PROMPT.
All of the lines below need to be copied exactly, apart from the pictures.

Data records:
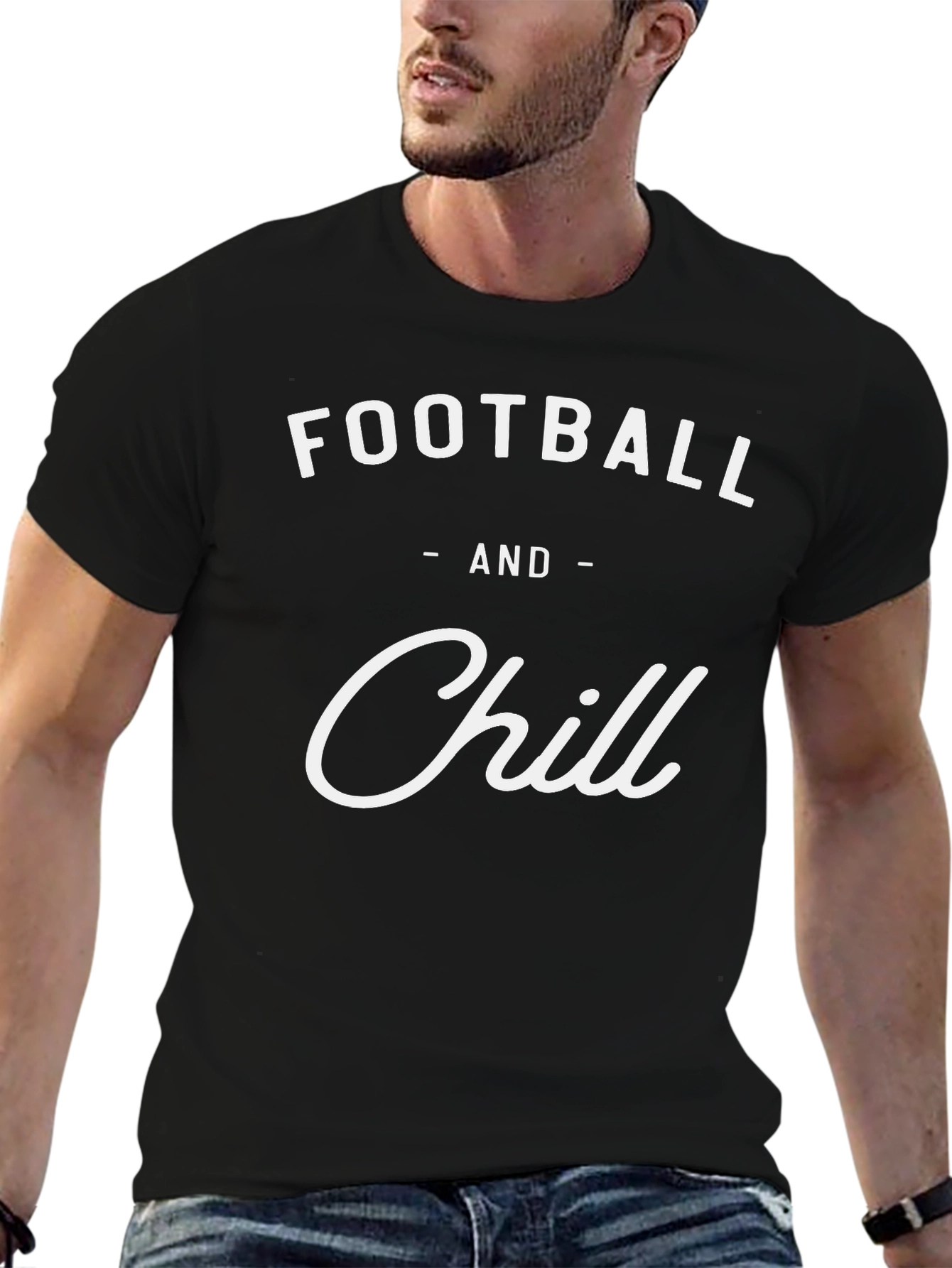 Football and Chill Black Graphic T-Shirt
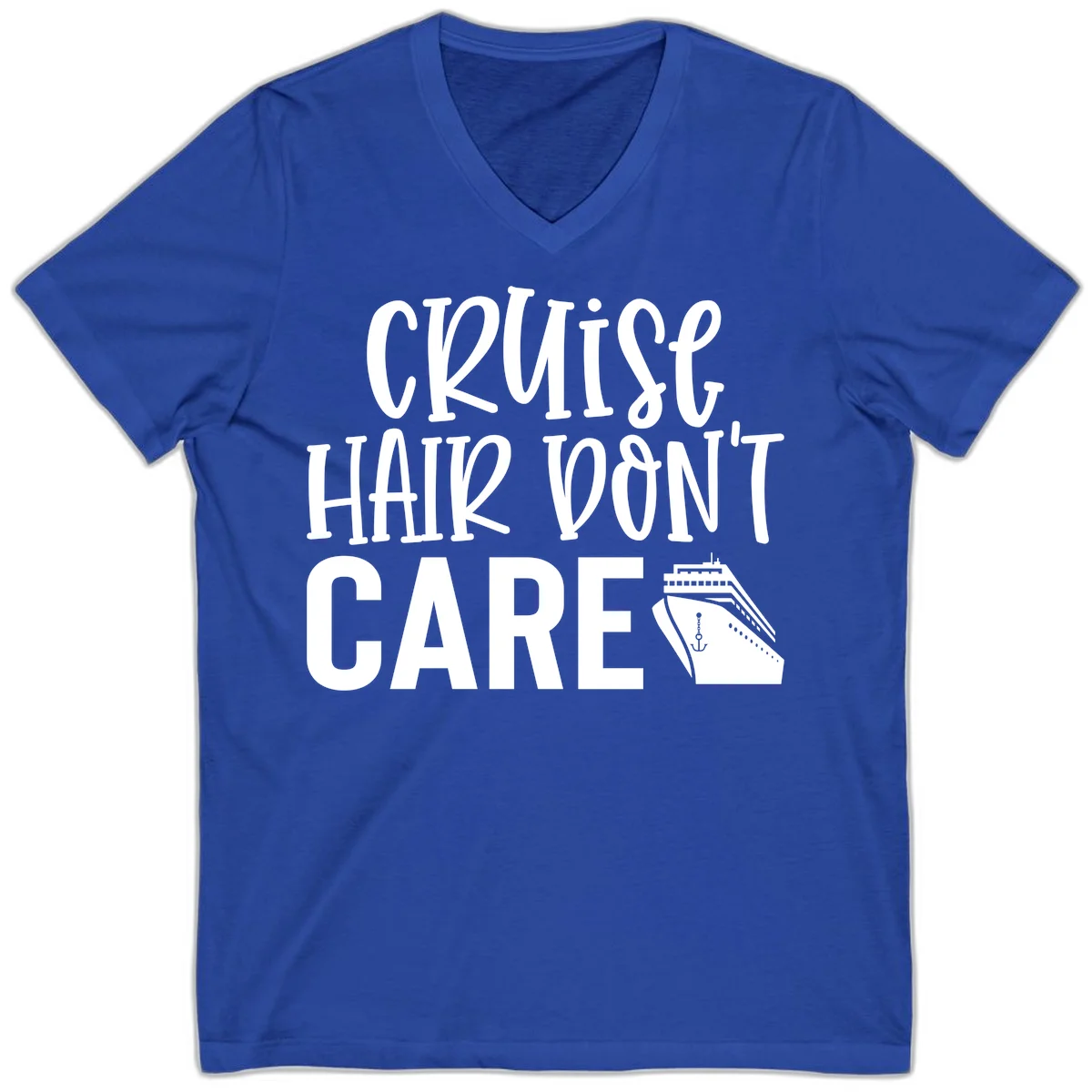Cruise Hair Don't Care Funny V-Neck Tee in True Royal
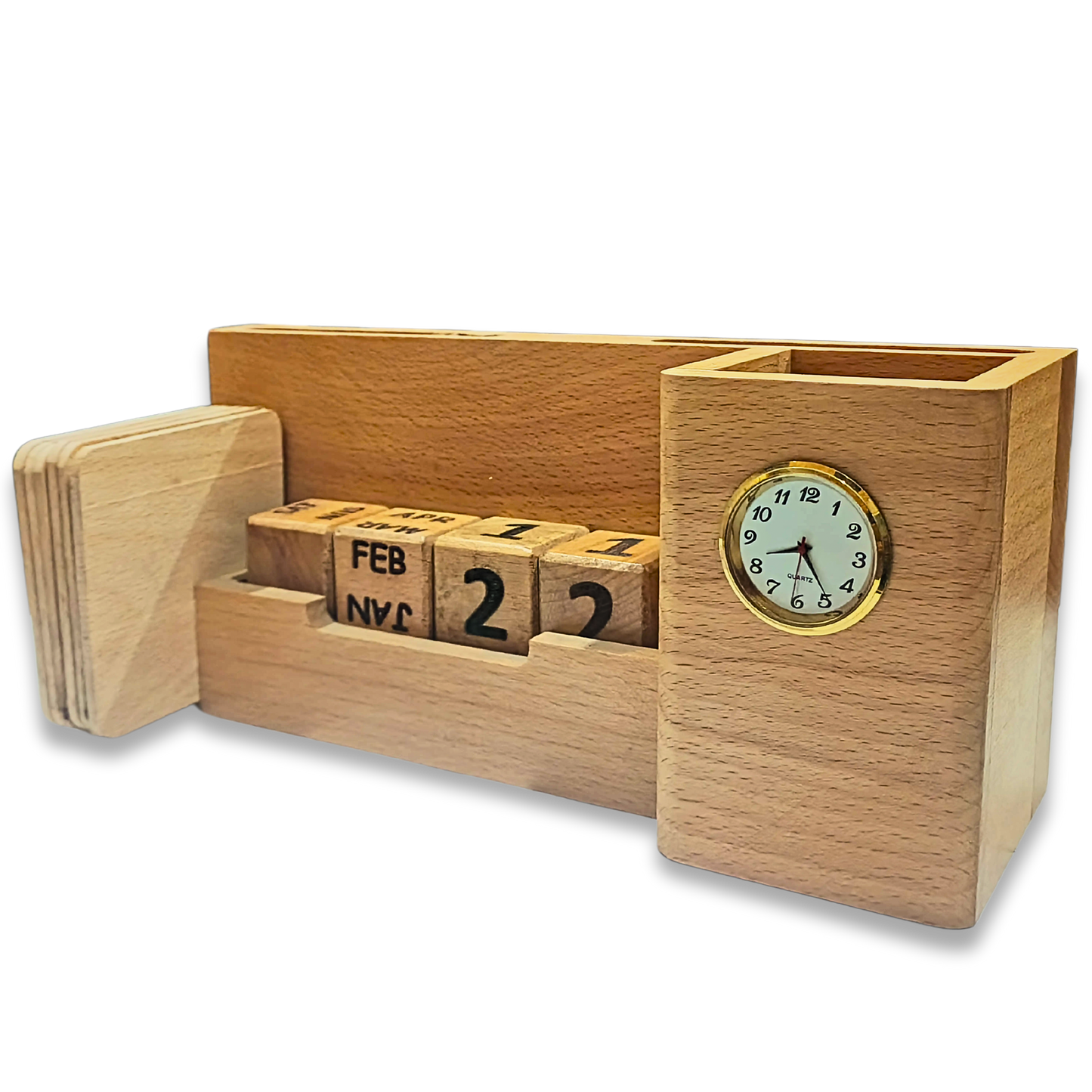 6-in-1 Wooden Table Organizer - Forever Calendar, Clock & Pen Holder Plus Free Visiting Card Holder | Your Desk’s Overachieving BFF (Holds Cards, Phones & Tea Too!) ☕⏳ No More ‘Where’s My…?’ Moments!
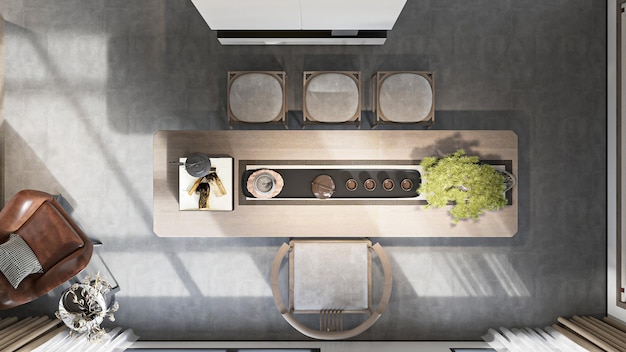 Vue du dessus de la table à manger moderne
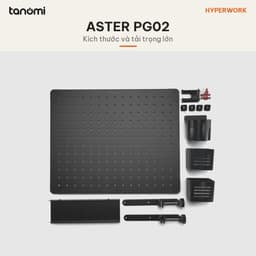 Bảng treo đồ Pegboard HyperWork PG02 520x420 mm Tải 10 kg Thép Kẹp bàn Kèm 14 phụ kiện Ghép module 8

RESULT OF THE EXERCISE.
 Football and Chill Black Graphic T-Shirt
Cruise Hair Don't Care Funny V-Neck Tee in True Royal
 6-in-1 Wooden Table Organizer - Forever Calendar, Clock & Pen Holder Plus Free Visiting Card Holder | Your Desk’s Overachieving BFF (Holds Cards, Phones & Tea Too!) ☕⏳ No More ‘Where’s My…?’ Moments!
 Vue du dessus de la table à manger moderne
 Bảng treo đồ Pegboard HyperWork PG02 520x420 mm Tải 10 kg Thép Kẹp bàn Kèm 14 phụ kiện Ghép module 8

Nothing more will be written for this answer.